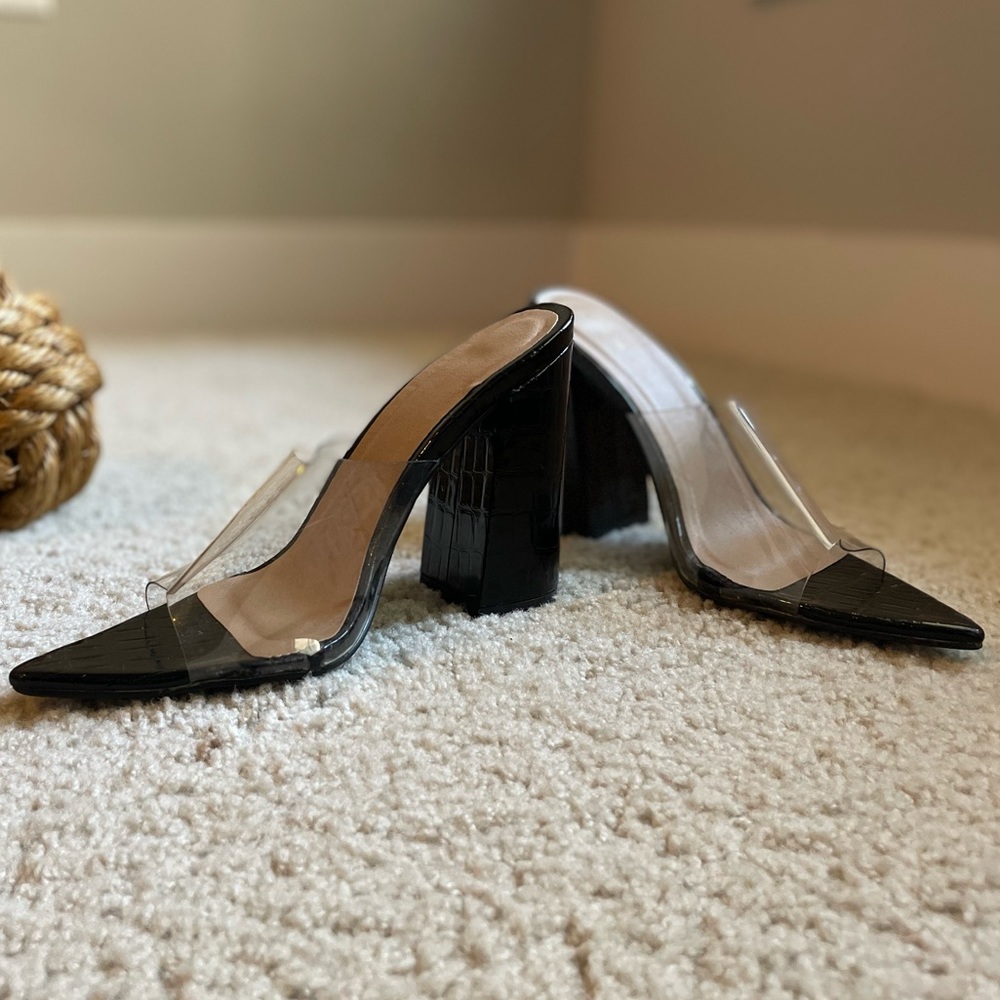 Clear Point Toe Block Heels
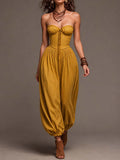 Bohemian Mustard Yellow Cotton Corset And Balloon Pants Jumpsuit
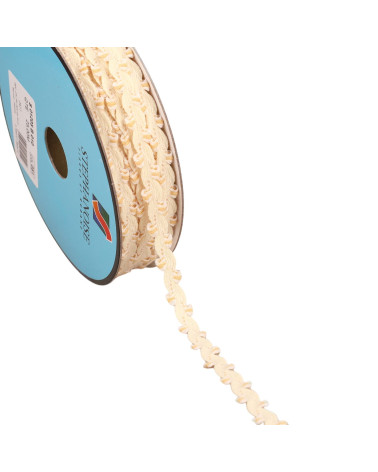 Bobina da 25 m serpentino smerlato da 10 mm ecru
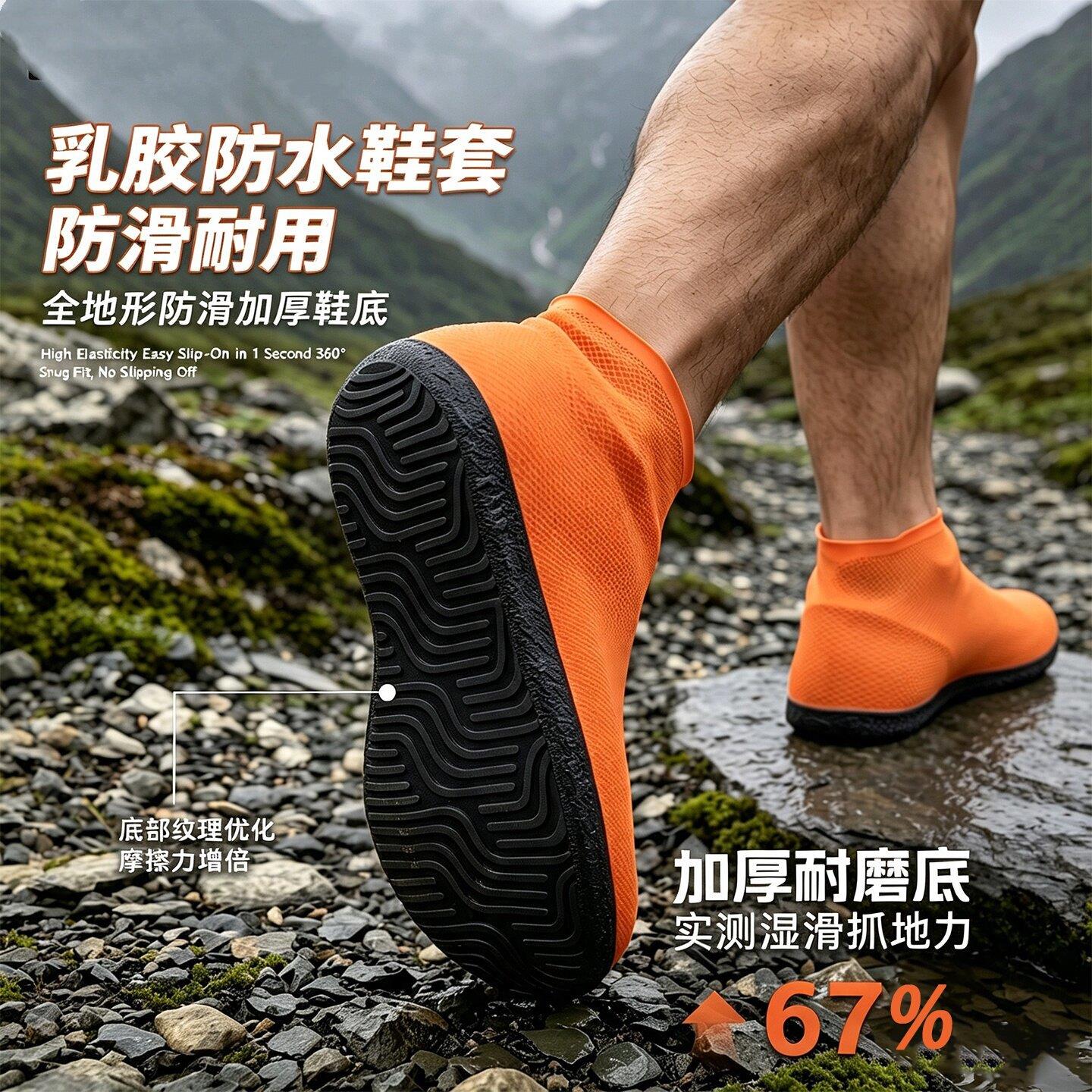 乳胶防水鞋套防滑加厚耐磨下雨天男女款户外徒步登山便携防雨脚套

### Your assignment
Print, please, exactly the lines from the one holding "Bobina da 25" through the final line of the data, both included, while leaving out each picture.

### Answer section
 Bobina da 25 m serpentino smerlato da 10 mm ecru
 乳胶防水鞋套防滑加厚耐磨下雨天男女款户外徒步登山便携防雨脚套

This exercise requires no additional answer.